Type 'help;' or '\h' for help. Type '\c' to clear the current input statement.
mysql 5.7 > CREATE DATABASE e;
Query OK, 1 row affected (0,03 sec)
mysql 5.7 > USE e
Database changed
mysql 5.7 > create table TEST_NUMBERS (
-> value integer
-> );
Query OK, 0 rows affected (0,86 sec)
mysql 5.7 > INSERT INTO TEST_NUMBERS VALUES (1);
Query OK, 1 row affected (0,13 sec)
mysql 5.7 > INSERT INTO TEST_NUMBERS VALUES (2);
Query OK, 1 row affected (0,39 sec)
mysql 5.7 > INSERT INTO TEST_NUMBERS VALUES (3);
Query OK, 1 row affected (0,13 sec)
mysql 5.7 > INSERT INTO TEST_NUMBERS VALUES (4);
Query OK, 1 row affected (0,13 sec)
mysql 5.7 > INSERT INTO TEST_NUMBERS VALUES (5);
Query OK, 1 row affected (0,14 sec)
mysql 5.7 > INSERT INTO TEST_NUMBERS VALUES (6);
Query OK, 1 row affected (0,13 sec)
mysql 5.7 > INSERT INTO TEST_NUMBERS VALUES (7);
Query OK, 1 row affected (0,13 sec)
mysql 5.7 > INSERT INTO TEST_NUMBERS VALUES (8);
Query OK, 1 row affected (0,14 sec)
mysql 5.7 > INSERT INTO TEST_NUMBERS VALUES (9);
Query OK, 1 row affected (0,11 sec)
mysql 5.7 > SELECT
-> hex(uncompress(concat(unhex('0000000'), substring(compress(unhex('65792F81F95AD61F1A25')), 5))));
+--------------------------------------------------------------------------------------------------+
| hex(uncompress(concat(unhex('0000000'), substring(compress(unhex('65792F81F95AD61F1A25')), 5)))) |
+--------------------------------------------------------------------------------------------------+
| NULL |
+--------------------------------------------------------------------------------------------------+
1 row in set, 1 warning (0,00 sec)
mysql 5.7 > SHOW WARNINGS;
+---------+------+----------------------------+
| Level | Code | Message |
+---------+------+----------------------------+
| Warning | 1259 | ZLIB: Input data corrupted |
+---------+------+----------------------------+
1 row in set (0,00 sec)
mysql 5.7 > SELECT
-> hex(uncompress(concat(unhex('0900000'), substring(compress(unhex('65792F81F95AD61F1A25')), 5))));
+--------------------------------------------------------------------------------------------------+
| hex(uncompress(concat(unhex('0900000'), substring(compress(unhex('65792F81F95AD61F1A25')), 5)))) |
+--------------------------------------------------------------------------------------------------+
| 65792F81F95AD61F1A25 |
+--------------------------------------------------------------------------------------------------+
1 row in set (0,00 sec)
[14 Nov 2018 12:38]
MySQL Verification Team
Hi, The length prefix is required for the uncompressing function to know how much memory is required for the uncompressed data. That is how it functions. All that we can do is to document that fact.
[15 Dec 2018 1:00]
Bugs System
No feedback was provided for this bug for over a month, so it is being suspended automatically. If you are able to provide the information that was originally requested, please do so and change the status of the bug back to "Open".

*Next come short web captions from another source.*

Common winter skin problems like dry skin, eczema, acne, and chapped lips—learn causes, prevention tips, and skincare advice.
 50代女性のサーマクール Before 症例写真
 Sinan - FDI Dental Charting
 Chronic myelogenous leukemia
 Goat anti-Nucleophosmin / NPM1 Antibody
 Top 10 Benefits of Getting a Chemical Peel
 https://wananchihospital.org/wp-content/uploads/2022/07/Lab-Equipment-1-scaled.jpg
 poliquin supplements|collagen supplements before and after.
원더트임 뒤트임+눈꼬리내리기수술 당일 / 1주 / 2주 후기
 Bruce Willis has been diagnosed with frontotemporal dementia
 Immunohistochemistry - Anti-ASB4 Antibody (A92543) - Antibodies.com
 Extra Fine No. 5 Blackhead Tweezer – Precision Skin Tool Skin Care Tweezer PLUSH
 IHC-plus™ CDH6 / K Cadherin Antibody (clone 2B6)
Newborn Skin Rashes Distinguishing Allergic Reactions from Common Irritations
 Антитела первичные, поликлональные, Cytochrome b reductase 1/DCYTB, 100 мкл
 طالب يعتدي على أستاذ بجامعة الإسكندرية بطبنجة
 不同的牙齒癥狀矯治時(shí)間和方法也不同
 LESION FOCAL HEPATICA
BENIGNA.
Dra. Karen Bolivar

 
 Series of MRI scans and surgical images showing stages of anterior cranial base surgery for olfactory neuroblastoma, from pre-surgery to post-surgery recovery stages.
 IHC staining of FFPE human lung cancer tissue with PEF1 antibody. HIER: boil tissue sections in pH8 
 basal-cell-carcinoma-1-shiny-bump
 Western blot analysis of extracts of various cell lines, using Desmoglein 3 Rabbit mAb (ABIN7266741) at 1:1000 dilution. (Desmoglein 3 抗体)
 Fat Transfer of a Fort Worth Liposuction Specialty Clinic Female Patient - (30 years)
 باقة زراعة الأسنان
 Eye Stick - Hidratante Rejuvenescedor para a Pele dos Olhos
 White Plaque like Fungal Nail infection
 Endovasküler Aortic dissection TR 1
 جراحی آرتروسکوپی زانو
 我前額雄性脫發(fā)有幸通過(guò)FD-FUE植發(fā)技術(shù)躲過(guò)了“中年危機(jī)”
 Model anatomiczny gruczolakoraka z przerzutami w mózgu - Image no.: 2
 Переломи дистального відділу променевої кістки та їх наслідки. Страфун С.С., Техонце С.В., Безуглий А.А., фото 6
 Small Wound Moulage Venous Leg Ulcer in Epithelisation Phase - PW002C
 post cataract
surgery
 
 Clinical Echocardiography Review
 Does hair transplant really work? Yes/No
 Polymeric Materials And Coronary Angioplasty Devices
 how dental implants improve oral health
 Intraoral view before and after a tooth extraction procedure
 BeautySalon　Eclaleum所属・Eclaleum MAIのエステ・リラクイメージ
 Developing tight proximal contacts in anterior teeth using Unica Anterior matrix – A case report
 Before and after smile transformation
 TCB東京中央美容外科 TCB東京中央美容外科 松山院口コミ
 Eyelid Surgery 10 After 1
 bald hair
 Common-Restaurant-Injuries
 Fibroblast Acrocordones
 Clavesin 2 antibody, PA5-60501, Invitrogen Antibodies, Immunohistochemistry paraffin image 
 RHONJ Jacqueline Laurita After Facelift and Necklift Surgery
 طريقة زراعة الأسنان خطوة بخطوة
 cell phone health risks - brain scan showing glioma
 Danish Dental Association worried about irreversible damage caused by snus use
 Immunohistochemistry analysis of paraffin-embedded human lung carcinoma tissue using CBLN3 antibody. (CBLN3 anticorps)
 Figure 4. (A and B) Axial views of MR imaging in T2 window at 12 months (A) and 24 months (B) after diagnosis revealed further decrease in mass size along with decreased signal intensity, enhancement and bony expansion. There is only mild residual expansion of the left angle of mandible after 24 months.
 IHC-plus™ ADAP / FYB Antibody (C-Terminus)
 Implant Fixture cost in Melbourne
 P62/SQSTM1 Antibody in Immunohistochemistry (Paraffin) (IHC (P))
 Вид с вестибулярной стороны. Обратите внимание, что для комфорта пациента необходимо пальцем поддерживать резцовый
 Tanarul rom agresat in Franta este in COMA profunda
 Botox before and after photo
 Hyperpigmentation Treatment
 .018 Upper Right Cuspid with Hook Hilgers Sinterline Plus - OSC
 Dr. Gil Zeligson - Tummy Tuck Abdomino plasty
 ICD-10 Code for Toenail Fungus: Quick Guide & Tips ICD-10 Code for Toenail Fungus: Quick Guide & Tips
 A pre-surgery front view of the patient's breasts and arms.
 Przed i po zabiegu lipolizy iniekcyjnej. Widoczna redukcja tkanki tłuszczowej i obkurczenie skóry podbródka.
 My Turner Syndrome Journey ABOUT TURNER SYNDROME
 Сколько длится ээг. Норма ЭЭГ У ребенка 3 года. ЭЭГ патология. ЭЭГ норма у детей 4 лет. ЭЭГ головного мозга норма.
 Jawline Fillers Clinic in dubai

Description: The UNCOMPRESS function is perfectly capable of unzipping blobs of data put into a table by Python's zlib.compress() function, except for those first four bytes containing the little-endian `length` of the uncompressed string. I do not know what role the `length` plays while decompressing, but it is preventing me from accessing the uncompressed values! How to repeat: For some reason, this works on every example I have so far: select id, length(`blob`) `length`, coalesce( uncompress(concat(unhex('0900000'), `blob`)) ) `bytes` from job_artifact Mind you, I only have 34K examples, and none very big. Suggested fix: Please have UNCOMPRESS ignore those first four bytes so magic number 9 is not needed.